We can add a number of open issues related to the libraries. First, the need to derive homogeneous and self-consistent stellar parameters of the library stars. Currently, the stellar parameters are typically assembled from multiple sources, which requires a two-step process: first, global solutions of stellar parameters Teff/[Fe/H]/logg must be derived from spectral indices, and then these relations must be inverted before deriving a new, uniform set of stellar parameters for all stars (e.g., Sharma et al. 2016; Arentsen et al. 2019). Another issue is to define optimal indices that are sensitive to one or another stellar parameter (e.g., Cesetti et al. 2013). A particular problem related to galaxy models is the contribution of the AGB stars (e.g., Maraston 2005).
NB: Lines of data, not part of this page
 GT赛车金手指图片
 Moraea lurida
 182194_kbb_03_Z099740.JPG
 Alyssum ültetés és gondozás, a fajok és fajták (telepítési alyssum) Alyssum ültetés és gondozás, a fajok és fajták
The most widely used theoretical libraries today are the BaSeL (Kurucz 1992; Lejeune et al. 1997, 1998; Westera et al. 2002) and the PHOENIX (Hauschildt et al. 1999; Allard et al. 2012; Husser et al. 2013) libraries, but there have been problems with the treatment of molecules, as shown early on by Castelli et al. (1997), that occasionally lead to poorly predicted broadband colors. Among the empirical libraries, the work of Pickles (1998) was the most widely used. It includes 131 flux-calibrated stars, but for the vast majority of them the resolving power was below R = 1000, which is relatively low even for extragalactic applications where the intrinsic velocity dispersion of galaxies requires R ∼ 2000 or higher. Other sets of spectra of better quality have become available, such as ELODIE (Soubiran et al. 1998; Prugniel & Soubiran 2001; Le Borgne et al. 2004), STELIB (Le Borgne et al. 2003), Indo-US (Valdes et al. 2004), MILES (Sánchez-Blázquez et al. 2006), and CaT (Cenarro et al. 2001, 2007). More recently, a single-order library with a large number of stars was reported by Yan et al. (2018), but this was obtained with a 3 arcsec fiber of the SDSS spectrograph (Blanton et al. 2017) and therefore does not completely avoid the slit-loss problem. Maraston & Strömbäck (2011) incorporated some of the libraries listed here into a comprehensive stellar population model at high spectral resolution.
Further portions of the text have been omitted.